Problem>
Scan the entries line by line and return those with "White".
——————
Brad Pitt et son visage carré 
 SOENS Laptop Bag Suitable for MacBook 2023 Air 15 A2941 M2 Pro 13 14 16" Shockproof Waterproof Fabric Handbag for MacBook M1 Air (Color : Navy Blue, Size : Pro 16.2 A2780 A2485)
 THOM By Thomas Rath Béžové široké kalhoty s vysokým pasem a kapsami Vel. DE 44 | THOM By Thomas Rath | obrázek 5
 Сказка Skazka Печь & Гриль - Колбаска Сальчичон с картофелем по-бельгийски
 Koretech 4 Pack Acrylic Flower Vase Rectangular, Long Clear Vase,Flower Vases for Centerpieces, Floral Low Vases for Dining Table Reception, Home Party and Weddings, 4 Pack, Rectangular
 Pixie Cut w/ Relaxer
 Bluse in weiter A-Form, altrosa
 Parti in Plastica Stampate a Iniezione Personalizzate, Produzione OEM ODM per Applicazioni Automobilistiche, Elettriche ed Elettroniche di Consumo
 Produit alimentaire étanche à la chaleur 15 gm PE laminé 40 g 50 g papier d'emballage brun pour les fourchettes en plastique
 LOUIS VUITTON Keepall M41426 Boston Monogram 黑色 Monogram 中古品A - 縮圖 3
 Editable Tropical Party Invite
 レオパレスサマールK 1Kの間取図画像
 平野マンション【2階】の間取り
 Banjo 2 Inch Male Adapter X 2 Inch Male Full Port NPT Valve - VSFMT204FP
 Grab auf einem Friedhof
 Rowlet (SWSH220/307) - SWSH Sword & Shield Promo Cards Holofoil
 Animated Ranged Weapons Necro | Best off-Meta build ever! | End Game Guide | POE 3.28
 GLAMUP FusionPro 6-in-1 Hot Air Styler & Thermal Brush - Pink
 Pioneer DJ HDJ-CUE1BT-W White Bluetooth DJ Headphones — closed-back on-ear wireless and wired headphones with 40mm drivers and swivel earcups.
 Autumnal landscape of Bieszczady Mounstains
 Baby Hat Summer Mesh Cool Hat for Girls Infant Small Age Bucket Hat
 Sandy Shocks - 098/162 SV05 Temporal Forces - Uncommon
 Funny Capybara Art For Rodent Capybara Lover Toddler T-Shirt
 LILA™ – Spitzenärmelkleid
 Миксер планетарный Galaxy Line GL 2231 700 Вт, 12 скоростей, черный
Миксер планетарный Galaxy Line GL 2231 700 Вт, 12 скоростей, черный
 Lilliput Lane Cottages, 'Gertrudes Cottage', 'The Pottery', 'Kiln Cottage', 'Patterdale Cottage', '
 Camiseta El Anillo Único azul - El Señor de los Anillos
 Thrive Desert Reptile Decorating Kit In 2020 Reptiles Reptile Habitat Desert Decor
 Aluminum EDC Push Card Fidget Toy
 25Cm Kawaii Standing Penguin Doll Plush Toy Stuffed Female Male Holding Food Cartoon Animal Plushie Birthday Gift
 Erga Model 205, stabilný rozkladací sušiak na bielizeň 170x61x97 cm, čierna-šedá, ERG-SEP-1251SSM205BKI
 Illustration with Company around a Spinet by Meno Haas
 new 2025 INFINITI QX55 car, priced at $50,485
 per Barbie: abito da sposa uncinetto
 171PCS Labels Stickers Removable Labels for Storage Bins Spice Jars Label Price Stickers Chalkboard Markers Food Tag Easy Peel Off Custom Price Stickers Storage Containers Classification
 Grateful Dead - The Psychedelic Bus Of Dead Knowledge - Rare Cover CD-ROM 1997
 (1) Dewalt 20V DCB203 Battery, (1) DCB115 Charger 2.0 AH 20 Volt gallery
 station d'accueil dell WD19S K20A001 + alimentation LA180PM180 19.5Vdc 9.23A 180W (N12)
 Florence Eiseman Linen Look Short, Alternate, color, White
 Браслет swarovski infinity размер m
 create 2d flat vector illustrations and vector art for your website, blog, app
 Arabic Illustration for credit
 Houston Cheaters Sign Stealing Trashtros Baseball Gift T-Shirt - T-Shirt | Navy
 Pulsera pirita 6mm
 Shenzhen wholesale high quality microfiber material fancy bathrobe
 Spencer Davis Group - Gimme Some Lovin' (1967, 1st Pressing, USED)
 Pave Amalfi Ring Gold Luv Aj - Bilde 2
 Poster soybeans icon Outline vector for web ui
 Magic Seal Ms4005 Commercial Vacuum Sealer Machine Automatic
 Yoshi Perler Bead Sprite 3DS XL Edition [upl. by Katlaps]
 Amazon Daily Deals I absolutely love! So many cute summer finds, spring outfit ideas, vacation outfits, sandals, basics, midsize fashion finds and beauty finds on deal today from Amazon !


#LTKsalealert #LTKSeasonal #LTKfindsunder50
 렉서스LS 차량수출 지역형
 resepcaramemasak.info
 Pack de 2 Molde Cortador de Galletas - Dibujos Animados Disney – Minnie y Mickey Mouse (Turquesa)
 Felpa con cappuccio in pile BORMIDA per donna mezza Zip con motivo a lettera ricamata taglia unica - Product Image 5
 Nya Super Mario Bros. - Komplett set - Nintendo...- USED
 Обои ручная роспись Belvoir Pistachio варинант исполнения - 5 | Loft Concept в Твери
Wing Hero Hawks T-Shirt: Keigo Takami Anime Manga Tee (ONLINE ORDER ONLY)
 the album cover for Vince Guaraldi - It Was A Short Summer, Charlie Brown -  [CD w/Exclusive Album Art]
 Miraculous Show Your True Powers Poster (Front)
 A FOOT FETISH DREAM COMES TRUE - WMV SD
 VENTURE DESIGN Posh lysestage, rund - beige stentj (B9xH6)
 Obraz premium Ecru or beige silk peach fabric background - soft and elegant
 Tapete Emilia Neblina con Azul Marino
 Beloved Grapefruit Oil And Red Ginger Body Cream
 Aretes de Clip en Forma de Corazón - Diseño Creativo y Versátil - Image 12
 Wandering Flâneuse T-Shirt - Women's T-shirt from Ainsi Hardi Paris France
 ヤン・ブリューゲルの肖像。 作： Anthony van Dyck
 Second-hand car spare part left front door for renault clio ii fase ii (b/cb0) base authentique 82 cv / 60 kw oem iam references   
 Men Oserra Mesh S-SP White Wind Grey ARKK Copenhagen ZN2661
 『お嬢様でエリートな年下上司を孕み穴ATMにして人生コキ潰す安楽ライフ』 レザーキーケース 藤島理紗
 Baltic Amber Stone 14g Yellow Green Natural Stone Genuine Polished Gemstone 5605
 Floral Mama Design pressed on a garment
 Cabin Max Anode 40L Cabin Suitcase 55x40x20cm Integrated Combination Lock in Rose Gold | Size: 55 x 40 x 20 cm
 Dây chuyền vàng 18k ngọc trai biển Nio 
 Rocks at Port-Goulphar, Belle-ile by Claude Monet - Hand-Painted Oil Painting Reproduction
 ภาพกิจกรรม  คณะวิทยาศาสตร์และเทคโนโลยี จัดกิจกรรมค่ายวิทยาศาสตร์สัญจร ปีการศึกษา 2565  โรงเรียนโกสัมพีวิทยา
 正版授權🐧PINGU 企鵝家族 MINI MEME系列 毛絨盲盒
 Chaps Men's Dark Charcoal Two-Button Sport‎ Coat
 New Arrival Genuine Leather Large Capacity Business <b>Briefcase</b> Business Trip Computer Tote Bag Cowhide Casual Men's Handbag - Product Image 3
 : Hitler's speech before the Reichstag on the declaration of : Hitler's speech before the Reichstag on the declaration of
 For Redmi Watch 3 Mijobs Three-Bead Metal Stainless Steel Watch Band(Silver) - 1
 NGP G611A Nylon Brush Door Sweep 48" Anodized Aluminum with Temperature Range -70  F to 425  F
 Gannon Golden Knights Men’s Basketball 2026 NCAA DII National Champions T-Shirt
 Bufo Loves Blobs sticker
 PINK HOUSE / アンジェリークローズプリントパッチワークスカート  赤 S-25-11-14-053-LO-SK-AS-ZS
——————
Reply to the exercise>
 Pioneer DJ HDJ-CUE1BT-W White Bluetooth DJ Headphones — closed-back on-ear wireless and wired headphones with 40mm drivers and swivel earcups.
 Florence Eiseman Linen Look Short, Alternate, color, White
 Men Oserra Mesh S-SP White Wind Grey ARKK Copenhagen ZN2661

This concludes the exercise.